*The problem*. Return the data below unchanged, without images.

*Data shown*.
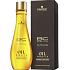 Schwarzkopf Professional BC Bonacure Oil Miracle Finishing Treatment olej pre konečnú úpravu normálnych až silných vlasov 100 ml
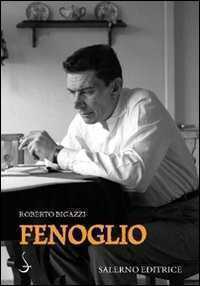 Fenoglio — Roberto Bigazzi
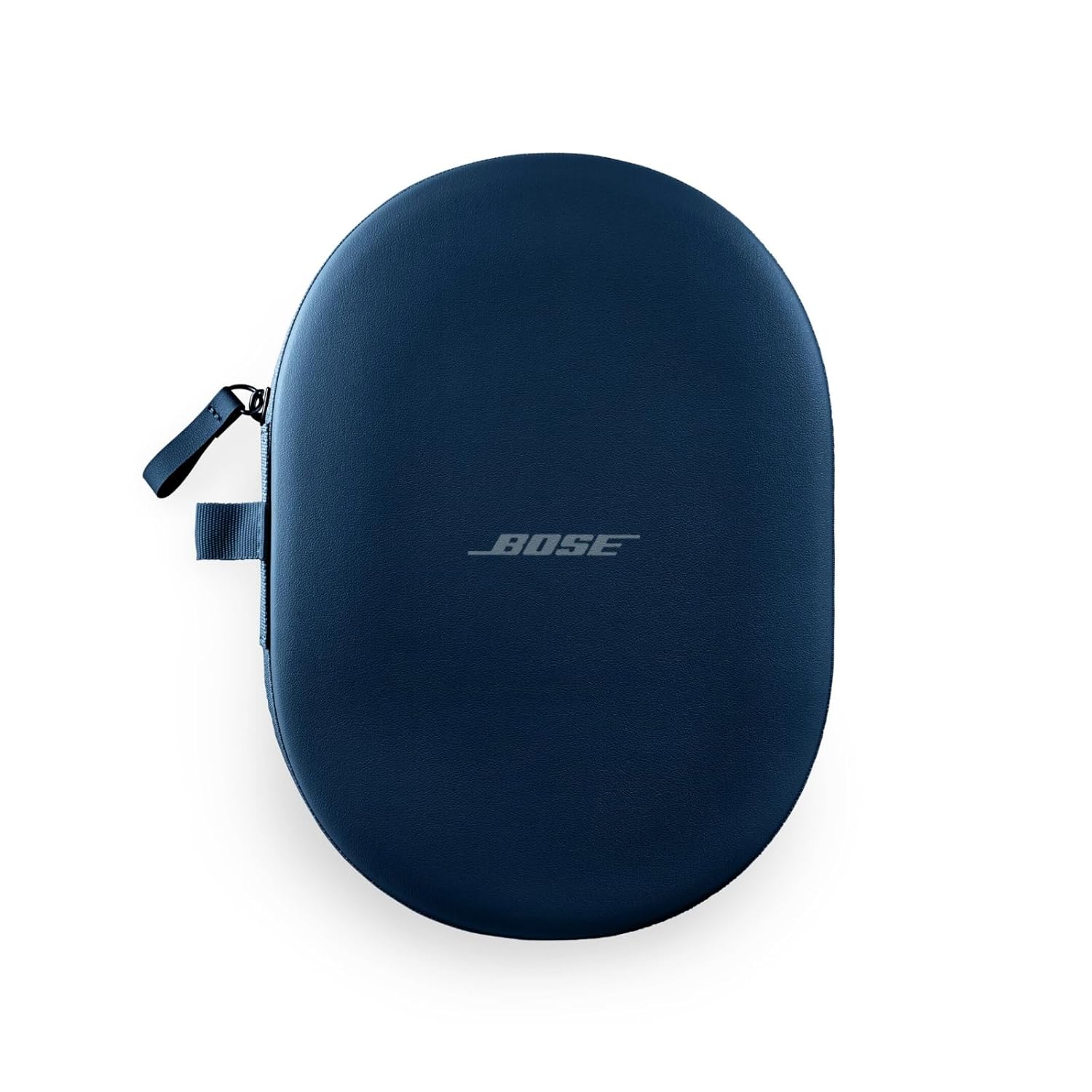 Bose New QuietComfort Ultra Wireless Noise Cancelling Headphones with Spatial Audio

*Answer to the problem*.
 Schwarzkopf Professional BC Bonacure Oil Miracle Finishing Treatment olej pre konečnú úpravu normálnych až silných vlasov 100 ml
 Fenoglio — Roberto Bigazzi
 Bose New QuietComfort Ultra Wireless Noise Cancelling Headphones with Spatial Audio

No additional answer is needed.